Trust Issues In The Online Environment - Why consumers trust some organisations and brands more than others in today’s society

Written by: Edona Berisha



- Why consumers trust some organisations and brands more than others in today’s society.

KEY WORDS: online, trust, influencer, Internet, relationship marketing

The last twenty years marketing online has become a central part of marketing. This, mostly because of the rapid adoption of the changing technology that have emerged both positive but also negative effects. It is now crucial to understand how consumers act and behave on the online environment in order to survive. When consumers are online it is important to provide trust to help them overcome all kind of negative perceptions that comes with the online environment. The changing technology has also motivated consumers to contribute with their thoughts and opinions about brands and products, to their peers (O’Brien, 2011). The marketing manager has now a total different role, namely understanding and managing the fact that influencers on social media has the power to affect brands positively or negatively. 

Trust Issues Online

Trust is according to Mayer et al. (1995) “the willingness of a party to be vulnerable to the actions of another party based on the expectation that the other will perform a particular action important to the trustor, irrespective of the ability to monitor or control that other party.” Trust is something that have been seen as important when it comes to communicating, building relationships and exchanging (Fukuyama, 1995).
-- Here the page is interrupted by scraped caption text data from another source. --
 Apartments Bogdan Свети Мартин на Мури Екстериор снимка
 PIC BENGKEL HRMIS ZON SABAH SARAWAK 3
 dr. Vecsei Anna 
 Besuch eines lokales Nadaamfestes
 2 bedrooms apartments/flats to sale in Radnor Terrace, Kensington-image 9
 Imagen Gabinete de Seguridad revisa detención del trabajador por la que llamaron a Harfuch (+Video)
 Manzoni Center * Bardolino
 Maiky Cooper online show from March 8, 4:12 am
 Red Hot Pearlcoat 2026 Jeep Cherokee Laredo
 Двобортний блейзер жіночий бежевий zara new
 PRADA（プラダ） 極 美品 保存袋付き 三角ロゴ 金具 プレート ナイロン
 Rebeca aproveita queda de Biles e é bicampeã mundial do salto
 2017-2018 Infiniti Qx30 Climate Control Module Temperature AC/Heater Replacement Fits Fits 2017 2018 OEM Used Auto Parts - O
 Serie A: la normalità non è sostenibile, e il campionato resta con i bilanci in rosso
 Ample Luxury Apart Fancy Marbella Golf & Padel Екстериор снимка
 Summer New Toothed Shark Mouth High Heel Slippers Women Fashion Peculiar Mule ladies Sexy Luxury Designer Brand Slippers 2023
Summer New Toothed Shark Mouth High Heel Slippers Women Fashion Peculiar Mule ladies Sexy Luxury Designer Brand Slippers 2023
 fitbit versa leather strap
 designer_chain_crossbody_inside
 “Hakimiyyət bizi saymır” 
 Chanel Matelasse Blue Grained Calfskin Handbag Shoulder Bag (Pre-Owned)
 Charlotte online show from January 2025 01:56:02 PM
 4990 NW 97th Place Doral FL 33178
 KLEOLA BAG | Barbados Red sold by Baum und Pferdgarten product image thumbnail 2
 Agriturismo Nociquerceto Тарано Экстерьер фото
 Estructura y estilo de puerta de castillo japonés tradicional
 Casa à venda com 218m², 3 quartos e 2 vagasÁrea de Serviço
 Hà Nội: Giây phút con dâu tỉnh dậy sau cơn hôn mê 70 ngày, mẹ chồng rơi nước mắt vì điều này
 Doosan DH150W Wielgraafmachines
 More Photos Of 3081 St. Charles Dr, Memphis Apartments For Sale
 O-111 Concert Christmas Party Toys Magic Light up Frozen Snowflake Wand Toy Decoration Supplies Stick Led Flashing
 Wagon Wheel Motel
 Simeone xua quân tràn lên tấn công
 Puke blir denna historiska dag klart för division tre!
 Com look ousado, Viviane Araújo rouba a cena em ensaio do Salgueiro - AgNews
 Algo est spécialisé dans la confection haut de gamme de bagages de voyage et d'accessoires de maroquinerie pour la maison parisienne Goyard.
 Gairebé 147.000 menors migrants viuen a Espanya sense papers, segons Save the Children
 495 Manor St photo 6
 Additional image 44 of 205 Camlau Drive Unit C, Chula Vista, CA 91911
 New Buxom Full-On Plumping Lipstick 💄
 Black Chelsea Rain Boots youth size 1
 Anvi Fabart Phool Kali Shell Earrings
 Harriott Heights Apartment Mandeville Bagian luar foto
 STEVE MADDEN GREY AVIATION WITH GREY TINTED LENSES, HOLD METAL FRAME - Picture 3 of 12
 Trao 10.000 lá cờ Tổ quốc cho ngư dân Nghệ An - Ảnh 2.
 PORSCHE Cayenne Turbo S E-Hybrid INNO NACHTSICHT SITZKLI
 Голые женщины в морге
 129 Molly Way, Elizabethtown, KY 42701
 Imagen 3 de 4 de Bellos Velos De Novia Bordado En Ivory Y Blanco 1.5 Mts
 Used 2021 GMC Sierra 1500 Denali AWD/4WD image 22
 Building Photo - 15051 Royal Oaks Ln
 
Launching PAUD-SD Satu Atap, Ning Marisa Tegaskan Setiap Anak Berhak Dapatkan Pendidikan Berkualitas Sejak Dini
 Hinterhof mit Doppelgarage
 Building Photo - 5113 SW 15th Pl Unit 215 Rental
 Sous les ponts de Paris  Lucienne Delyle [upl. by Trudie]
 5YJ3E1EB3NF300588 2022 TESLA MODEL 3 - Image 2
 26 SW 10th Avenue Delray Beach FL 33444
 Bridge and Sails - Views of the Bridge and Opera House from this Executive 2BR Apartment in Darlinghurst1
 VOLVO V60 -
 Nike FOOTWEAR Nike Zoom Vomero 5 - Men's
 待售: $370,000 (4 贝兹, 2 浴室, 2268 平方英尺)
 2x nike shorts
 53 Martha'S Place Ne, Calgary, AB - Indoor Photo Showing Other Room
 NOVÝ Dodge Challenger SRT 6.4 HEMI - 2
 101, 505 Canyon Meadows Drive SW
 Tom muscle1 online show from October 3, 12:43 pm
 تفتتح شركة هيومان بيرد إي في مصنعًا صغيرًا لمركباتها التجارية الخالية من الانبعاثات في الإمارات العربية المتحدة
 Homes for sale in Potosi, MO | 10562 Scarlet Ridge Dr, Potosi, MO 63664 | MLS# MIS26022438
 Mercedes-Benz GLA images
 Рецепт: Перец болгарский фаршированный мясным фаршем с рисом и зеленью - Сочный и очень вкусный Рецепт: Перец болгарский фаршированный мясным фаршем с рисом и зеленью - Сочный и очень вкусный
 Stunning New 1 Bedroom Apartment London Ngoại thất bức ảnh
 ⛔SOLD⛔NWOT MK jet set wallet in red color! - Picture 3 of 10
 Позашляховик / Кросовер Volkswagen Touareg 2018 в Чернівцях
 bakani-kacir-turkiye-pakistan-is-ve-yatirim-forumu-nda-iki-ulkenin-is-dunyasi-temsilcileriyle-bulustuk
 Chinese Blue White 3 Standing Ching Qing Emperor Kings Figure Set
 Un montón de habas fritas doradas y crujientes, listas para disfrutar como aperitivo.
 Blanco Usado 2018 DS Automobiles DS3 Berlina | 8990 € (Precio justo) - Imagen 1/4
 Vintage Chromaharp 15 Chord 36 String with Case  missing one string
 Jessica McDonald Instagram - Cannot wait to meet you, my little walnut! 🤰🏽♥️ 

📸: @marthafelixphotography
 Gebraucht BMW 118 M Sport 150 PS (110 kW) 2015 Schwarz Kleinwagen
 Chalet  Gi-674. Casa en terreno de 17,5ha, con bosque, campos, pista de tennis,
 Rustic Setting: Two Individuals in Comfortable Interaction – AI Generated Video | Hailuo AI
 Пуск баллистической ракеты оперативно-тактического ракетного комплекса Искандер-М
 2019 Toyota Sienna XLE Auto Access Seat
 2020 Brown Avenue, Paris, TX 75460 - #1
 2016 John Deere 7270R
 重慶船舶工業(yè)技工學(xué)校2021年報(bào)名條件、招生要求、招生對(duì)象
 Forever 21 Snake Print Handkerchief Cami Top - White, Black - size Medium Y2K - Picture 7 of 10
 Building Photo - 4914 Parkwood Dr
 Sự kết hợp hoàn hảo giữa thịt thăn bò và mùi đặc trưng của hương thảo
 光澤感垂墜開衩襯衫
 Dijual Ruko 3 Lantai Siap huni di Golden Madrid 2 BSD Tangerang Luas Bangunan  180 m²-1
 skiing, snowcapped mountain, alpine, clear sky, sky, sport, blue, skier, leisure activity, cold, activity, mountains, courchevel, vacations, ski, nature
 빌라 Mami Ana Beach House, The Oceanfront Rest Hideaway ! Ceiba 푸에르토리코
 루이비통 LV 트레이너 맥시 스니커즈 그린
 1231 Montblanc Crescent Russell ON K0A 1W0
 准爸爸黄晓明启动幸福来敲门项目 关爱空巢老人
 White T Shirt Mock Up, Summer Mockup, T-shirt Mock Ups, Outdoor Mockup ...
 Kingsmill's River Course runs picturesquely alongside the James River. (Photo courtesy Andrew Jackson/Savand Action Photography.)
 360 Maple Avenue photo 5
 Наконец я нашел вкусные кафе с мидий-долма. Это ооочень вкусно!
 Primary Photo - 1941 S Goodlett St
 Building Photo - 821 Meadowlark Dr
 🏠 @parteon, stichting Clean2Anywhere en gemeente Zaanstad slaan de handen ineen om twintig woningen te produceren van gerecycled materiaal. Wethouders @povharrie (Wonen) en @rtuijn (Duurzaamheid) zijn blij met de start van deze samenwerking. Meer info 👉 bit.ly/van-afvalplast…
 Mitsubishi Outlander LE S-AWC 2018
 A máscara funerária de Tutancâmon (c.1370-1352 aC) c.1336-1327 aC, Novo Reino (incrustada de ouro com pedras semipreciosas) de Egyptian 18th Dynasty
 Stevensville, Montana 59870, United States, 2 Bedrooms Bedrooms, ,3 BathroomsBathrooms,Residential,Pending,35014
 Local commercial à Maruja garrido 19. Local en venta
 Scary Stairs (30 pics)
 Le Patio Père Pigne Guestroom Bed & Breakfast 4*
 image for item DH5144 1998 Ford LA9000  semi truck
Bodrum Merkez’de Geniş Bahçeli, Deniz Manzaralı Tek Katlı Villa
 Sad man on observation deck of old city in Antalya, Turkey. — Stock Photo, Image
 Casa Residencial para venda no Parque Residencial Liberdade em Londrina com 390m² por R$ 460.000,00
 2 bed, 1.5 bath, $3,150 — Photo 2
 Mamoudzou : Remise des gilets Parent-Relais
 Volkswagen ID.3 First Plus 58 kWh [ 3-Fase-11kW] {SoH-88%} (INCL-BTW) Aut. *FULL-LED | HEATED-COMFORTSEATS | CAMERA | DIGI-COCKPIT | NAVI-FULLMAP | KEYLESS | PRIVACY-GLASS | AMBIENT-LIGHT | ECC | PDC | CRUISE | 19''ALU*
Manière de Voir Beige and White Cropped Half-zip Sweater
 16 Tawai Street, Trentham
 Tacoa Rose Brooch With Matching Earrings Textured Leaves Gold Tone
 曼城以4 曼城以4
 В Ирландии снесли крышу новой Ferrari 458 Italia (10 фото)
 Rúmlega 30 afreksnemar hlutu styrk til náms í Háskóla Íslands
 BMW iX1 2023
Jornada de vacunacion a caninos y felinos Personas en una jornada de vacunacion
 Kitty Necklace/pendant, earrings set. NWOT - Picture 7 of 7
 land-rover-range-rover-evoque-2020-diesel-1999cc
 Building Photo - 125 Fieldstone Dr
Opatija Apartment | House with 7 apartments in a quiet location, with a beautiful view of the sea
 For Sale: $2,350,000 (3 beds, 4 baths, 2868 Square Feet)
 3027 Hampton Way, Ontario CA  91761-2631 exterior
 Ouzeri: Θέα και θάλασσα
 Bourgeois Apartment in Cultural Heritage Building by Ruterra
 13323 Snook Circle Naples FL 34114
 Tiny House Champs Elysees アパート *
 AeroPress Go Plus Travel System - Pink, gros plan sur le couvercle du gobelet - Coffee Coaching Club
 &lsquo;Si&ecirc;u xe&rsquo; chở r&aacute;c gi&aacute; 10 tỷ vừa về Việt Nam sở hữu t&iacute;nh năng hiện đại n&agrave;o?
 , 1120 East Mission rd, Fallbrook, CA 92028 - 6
The consumers put themselves on risk as the environment is uncertain and includes various types of unknown players. Trust is important online in particular where it is important to develop relationships since marketers are not able to cultivate inter personal liking as they would in offline environment (Palvia, 2009). 

Trust Matters

Trust has become something that is being used to deal with all the uncertainties, and is according to Gefen (2000) something that is considered as one of the most reliable predictors when interacting with others online. Trust has with other words become key role in the online market these past few years and will probably play a higher role as the online market develops. According to 2016 Edelman TRUST BAROMETER a new phenomenon have emerged, where the influential people of governments, NGOs, business and media are the ones with the least trust among the mass populations. It is with other words a huge gap between the mass populations and elites. Today’s well-developed and social technologies have changed the dissemination and creation of content in a democratized way. The study shows that the mass populations don’t trust the informed elites when it comes to any kind of information. Therefore many seek out new ways for information regarding any type of life decisions, preferably from family, close friends and fellow employees.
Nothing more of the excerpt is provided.